Age-Specific Incidence Rates of Venous Thromboembolism among Heterozygous Carriers of Factor V Leiden Mutation

  1. Paul M. Ridker, MD;
  2. Robert J. Glynn, PhD;
  3. Joseph P. Miletich, MD;
  4. Samuel Z. Goldhaber, MD;
  5. Meir J. Stampfer, MD; and
  6. Charles H. Hennekens, MD
  1. For author affiliations and current author addresses, see end of text. Grant Support: In part by a Clinician Scientist Award from the American Heart Association (Dr. Ridker) and by grants HL-26490, HL-34595, CA-42182, and CA-40361 from the National Institutes of Health, Bethesda, Maryland. Requests for Reprints: Paul M. Ridker, MD, Department of Medicine, Brigham and Women's Hospital, 900 Commonwealth Avenue East, Boston, MA 02115. Current Author Addresses: Drs. Ridker and Goldhaber: Division of Cardiovascular Disease, Brigham and Women's Hospital, 75 Francis Street, Boston, MA 02215.

    Abstract

    Background: Previous reports suggest that younger carriers of the factor V Leiden mutation are at greater risk for venous thromboembolism than are older carriers. However, available data on thromboembolic risk are limited.

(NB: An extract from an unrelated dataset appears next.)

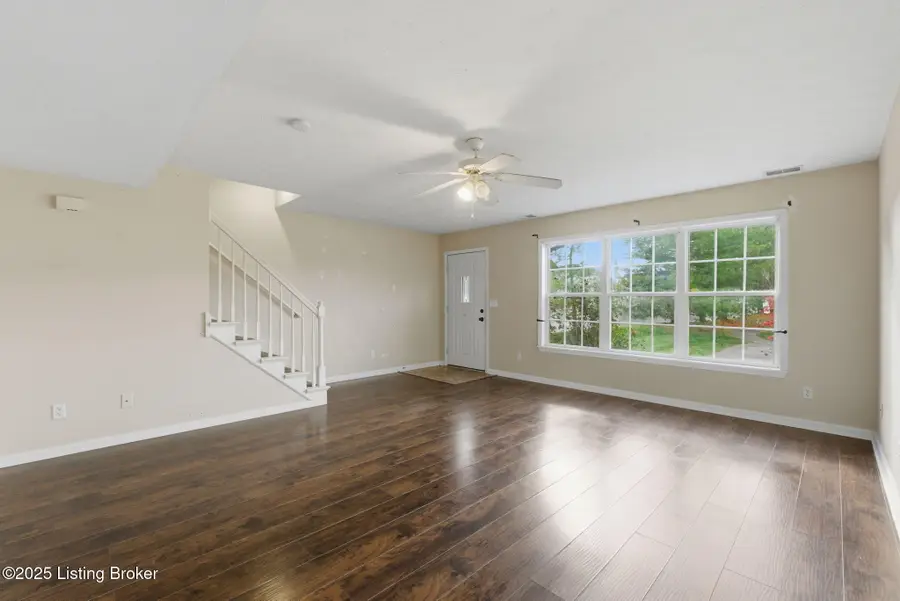 248 Miles Dr, Shepherdsville, KY 40165 - Image #3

    Objective: To determine age-specific incidence rates of venous thromboembolism associated with the factor V Leiden mutation.

    Design: Prospective cohort study.

    Patients: 14 916 initially healthy men participating in the Physicians' Health Study who were followed from 1982 to August 1994 for the occurrence of deep venous thrombosis or pulmonary embolism.

    Measurements: Polymerase chain reaction was used to determine factor V Leiden mutation status in 156 study participants who developed venous thromboembolism during follow-up and in 2406 study participants who remained free of vascular disease.

    Results: Risks for venous thromboembolism in heterozygous carriers of factor V Leiden mutation increased with age at a rate significantly greater than that in noncarriers. Whereas incidence rates of venous thromboembolism were similar in men with and men without the factor V Leiden mutation who were younger than 50 years of age, incidence rate differences (per 1000 person-years of observation) between affected and unaffected men increased significantly from 1.23 (95% CI, −0.4 to 2.9) for those aged 50 to 59 years to 1.61 (CI, −0.5 to 3.7) for those aged 60 to 69 years of age to 5.97 (CI, 0.6 to 11.3) for those aged 70 years or older (P for trend = 0.008). For idiopathic venous thromboembolism, age-specific incidence rate differences between men with and without the factor V Leiden mutation increased significantly with age (P = 0.017). However, no significant relation was found for secondary events (P > 0.2).

    Conclusions: The findings support the hypothesis that the pathogenesis of venous thromboembolism involves acquired as well as genetic risk factors and indicate that determination of factor V Leiden mutation status should not be limited to young patients.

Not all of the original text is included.